Exhibition “Karl Plagge – A Righteous Among the Nations”
The International Tracing Service (ITS) in Bad Arolsen has opened the exhibition “Karl Plagge (1897-1957) – A Righteous Among the Nations” which is on view at the ITS from 26 March to 7 May 2010. The exhibition, developed by the Darmstadt History Workshop, remembers Wehrmacht Major Karl Plagge for his part in saving the lives of nearly 250 Jews. “Major Plagge did not sit idly by but instead decided to do something against the madness in order to save human lives,” said ITS Director Jean-Luc Blondel at the opening. “The exhibition is part of the work of remembering, and at the same time a call not to neglect our commitment to serving the survivors.”
Twelve posters depict Karl Plagge´s life, his efforts to save the Jews and his posthumous honor. As commander of the Heereskraftfahrparks (HKP) 562 (a repair facility for military vehicles) in Wilna (Vilnius), Lithuania, Plagge was able to save Jewish forced labourers from certain death in a German extermination camp between 1941 and 1944. He established a free-standing HKP labour camp and tried to make sure that forced labourers were treated humanely. Jewish families were able to stay together because they were performing work which was “vital to the war effort.”

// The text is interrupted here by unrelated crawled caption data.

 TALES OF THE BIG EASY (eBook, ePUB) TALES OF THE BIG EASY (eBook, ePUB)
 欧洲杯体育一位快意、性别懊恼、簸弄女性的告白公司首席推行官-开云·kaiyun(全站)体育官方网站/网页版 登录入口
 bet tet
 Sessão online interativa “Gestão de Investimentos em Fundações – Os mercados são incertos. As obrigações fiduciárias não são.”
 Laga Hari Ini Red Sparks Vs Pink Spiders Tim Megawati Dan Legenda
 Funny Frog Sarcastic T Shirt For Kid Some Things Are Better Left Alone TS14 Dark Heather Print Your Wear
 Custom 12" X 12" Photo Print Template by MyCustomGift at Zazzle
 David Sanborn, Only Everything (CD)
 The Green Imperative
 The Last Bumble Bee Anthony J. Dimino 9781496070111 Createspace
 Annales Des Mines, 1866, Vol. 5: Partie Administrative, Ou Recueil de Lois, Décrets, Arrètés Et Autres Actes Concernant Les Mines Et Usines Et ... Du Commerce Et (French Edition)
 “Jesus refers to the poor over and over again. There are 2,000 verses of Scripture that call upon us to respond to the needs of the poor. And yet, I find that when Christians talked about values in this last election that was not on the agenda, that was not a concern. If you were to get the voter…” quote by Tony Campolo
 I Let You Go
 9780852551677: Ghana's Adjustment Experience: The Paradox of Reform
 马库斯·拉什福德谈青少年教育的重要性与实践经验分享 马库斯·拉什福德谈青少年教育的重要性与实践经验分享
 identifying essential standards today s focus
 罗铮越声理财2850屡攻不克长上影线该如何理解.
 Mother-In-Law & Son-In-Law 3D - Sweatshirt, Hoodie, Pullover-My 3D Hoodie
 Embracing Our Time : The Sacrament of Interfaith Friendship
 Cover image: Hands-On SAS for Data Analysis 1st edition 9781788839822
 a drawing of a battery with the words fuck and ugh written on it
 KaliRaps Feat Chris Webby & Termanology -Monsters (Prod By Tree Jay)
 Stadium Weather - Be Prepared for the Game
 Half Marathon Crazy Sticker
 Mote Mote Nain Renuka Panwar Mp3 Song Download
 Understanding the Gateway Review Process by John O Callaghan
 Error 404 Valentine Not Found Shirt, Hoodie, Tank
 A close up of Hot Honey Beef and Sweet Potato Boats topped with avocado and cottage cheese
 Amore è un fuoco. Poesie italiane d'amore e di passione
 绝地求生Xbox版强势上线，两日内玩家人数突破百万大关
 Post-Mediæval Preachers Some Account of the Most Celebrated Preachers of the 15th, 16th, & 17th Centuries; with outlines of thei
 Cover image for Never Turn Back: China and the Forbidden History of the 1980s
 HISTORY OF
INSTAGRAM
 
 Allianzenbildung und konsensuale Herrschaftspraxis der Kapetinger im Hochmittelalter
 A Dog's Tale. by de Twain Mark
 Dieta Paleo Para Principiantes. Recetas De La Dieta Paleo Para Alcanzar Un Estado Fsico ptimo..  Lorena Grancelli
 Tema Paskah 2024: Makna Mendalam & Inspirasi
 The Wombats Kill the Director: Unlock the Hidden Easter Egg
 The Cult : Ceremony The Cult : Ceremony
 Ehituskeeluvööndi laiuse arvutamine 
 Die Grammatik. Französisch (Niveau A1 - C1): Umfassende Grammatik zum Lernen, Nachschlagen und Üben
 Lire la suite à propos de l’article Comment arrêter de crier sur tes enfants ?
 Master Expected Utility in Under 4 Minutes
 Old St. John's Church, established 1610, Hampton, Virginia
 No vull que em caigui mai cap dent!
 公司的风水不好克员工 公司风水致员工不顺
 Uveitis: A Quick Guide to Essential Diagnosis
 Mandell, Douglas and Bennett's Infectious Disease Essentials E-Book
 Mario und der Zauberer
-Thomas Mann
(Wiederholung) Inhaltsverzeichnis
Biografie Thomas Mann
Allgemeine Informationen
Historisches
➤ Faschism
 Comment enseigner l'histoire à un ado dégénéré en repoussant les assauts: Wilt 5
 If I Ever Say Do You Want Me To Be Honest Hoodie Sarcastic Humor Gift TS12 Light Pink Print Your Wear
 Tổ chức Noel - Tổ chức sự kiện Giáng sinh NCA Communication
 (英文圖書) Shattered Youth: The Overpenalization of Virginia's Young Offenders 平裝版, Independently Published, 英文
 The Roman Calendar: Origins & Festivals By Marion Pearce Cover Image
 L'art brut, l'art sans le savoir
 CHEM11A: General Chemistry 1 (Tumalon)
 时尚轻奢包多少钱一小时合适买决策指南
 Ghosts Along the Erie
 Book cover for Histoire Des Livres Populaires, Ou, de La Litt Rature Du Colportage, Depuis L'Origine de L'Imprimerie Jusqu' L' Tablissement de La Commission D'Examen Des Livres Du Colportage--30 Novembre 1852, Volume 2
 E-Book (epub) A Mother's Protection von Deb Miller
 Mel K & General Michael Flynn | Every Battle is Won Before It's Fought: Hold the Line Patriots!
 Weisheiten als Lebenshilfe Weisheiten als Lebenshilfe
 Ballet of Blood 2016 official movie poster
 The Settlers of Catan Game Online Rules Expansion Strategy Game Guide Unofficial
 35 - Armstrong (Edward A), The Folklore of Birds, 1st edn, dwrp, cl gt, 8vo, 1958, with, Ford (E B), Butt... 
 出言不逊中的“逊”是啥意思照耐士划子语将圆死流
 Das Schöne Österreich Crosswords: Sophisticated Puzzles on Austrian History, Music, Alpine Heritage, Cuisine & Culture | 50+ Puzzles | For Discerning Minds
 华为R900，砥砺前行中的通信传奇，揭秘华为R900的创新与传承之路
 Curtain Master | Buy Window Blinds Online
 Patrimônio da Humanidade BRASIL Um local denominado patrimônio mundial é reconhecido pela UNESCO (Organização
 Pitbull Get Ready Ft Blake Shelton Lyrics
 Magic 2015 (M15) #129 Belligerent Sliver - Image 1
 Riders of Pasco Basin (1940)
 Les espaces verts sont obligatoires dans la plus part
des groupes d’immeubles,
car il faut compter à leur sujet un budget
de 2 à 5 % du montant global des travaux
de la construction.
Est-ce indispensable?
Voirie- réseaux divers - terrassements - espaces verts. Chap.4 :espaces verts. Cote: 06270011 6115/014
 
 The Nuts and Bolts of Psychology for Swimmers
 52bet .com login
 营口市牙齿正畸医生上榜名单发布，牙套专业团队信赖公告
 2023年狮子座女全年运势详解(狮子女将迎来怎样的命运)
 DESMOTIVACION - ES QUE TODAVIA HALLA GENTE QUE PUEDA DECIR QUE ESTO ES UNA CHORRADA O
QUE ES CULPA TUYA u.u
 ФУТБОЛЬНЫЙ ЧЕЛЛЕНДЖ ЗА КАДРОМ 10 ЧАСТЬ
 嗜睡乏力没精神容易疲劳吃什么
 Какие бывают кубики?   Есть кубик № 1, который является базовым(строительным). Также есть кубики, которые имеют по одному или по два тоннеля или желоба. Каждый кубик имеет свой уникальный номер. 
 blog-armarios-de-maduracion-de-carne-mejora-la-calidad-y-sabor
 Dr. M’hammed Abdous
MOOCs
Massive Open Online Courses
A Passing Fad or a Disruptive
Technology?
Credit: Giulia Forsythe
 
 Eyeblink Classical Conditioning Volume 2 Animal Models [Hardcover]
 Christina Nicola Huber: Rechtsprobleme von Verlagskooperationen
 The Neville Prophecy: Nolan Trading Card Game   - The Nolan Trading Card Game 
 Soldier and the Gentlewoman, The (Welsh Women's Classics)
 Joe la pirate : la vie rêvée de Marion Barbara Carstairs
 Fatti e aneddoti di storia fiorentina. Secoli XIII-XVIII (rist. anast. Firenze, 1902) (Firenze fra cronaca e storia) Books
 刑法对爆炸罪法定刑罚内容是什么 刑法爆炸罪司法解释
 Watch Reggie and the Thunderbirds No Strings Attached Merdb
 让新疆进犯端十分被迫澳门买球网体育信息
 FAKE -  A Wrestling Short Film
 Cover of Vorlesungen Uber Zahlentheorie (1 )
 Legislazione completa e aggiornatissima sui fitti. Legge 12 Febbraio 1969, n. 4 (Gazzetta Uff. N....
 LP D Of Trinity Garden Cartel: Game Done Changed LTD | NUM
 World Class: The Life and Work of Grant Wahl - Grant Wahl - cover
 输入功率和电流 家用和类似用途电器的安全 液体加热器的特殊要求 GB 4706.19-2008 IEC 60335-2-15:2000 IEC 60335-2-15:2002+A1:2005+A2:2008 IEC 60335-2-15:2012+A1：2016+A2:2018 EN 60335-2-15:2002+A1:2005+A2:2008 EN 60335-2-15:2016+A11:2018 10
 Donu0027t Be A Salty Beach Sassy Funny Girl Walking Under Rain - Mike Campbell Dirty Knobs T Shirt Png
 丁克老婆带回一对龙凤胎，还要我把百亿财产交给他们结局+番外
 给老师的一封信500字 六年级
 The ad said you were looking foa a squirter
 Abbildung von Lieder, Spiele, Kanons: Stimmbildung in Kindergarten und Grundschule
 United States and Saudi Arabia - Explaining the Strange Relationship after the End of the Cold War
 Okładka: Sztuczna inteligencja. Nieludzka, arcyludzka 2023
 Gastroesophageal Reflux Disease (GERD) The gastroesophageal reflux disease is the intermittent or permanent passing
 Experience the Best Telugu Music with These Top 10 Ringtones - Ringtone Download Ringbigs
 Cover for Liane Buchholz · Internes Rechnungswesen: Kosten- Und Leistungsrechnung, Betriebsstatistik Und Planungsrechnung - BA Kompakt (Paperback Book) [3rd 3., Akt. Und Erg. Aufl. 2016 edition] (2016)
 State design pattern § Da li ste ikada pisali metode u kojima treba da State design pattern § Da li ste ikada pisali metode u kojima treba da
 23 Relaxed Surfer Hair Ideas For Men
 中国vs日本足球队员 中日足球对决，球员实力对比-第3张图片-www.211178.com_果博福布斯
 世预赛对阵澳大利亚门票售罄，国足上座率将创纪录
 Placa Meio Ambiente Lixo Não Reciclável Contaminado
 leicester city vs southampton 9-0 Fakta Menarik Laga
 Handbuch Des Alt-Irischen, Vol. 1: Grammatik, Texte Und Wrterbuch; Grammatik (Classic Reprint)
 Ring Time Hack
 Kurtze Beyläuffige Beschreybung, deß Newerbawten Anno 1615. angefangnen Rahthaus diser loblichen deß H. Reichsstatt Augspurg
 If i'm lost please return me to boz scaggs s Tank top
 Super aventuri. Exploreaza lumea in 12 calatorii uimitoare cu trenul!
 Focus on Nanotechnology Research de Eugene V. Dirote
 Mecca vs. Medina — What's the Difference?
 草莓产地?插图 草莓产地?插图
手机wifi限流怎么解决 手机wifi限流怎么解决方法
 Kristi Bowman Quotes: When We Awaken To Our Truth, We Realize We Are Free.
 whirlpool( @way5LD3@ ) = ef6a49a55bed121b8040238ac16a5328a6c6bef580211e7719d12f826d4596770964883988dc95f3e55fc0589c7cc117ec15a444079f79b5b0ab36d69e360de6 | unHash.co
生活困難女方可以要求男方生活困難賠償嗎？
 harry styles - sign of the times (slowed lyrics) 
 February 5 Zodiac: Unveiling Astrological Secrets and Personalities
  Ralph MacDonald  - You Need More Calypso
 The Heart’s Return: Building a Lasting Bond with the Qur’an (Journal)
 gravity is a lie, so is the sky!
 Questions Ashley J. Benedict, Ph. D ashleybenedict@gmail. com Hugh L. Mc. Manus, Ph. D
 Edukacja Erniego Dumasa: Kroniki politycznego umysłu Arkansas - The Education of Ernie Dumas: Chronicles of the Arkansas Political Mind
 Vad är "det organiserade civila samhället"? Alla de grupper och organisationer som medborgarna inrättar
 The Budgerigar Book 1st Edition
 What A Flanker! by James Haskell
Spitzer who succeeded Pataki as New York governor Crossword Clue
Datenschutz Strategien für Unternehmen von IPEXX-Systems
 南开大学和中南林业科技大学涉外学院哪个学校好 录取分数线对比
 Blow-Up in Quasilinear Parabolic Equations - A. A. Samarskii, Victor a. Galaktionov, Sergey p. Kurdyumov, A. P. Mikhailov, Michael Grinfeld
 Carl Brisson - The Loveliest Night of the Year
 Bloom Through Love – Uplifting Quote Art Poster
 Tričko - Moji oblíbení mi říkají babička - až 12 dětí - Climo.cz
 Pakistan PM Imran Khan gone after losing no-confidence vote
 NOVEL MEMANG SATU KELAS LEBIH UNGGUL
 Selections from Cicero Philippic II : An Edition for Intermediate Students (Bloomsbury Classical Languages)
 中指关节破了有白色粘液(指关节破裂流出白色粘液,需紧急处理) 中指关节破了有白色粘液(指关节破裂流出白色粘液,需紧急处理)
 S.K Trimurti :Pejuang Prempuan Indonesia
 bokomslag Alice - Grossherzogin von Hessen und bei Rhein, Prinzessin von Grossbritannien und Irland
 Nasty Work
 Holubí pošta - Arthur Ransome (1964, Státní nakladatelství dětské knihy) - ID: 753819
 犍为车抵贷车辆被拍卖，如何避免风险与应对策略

“Those who made the effort to save lives are models of civil courage and lived humanistic convictions. This is definitive proof that, contrary to the post-war myths, it was indeed possible to help,” said Dr. Susanne Urban, head of research at the ITS. “At the outset, Plagge certainly profited from and was a perpetrator of National Socialism. However, as with Oskar Schindler, he underwent some sort of transformation.” Two weeks before the Red Army captured the city, Plagge warned the forced labourers that the camp would be taken over by an SS commando. Nearly 250 Jews went into hiding until the Red Army´s arrival. Plagge, who died in Darmstadt in 1957, was honored as a “Righteous among the Nations” in April 2005 at Yad Vashem Holocaust Memorial in Jerusalem.
In addition to Plagge´s life, the exhibition also focuses on historical background. Visitors learn about pre-war Jewish life in Lithuania, how persecution began after German troops occupied the country and how isolated Jewish resistance was organized. The ITS has provided additional information panels, documents and booklets on individual fates from its archive.
Among others, exhibition organizers Christoph Jetter, Hannelore Skroblies and Lennart Bartelheimer from Darmstadt, retired state parliament representative Dieter Fischer and council member Helmut Hausmann attended the exhibition opening at the ITS. Music was provided by Günter Fuhr and Berthold Mayrhofer, who played songs from the ghettoes.
The exhibition runs through 7 May 2010. Hours are Monday-Thursday 9 a.m. to 5 p.m, Friday 9 a.m to 1 p.m. The ITS will also present two related lectures:
Dr. Susanne Urban, ITS Head of Research
“A Righteous Among the Nations – Humanity in the Time of the Holocaust” Thursday, 8 April 2010, 5 p.m.
Sebastian Schönemann, ITS historian
“Einsatzgruppe A: The ‘War of Ideology’ in Lithuania, Latvia and Estonia” Thursday, 6 May 2010, 5 p.m.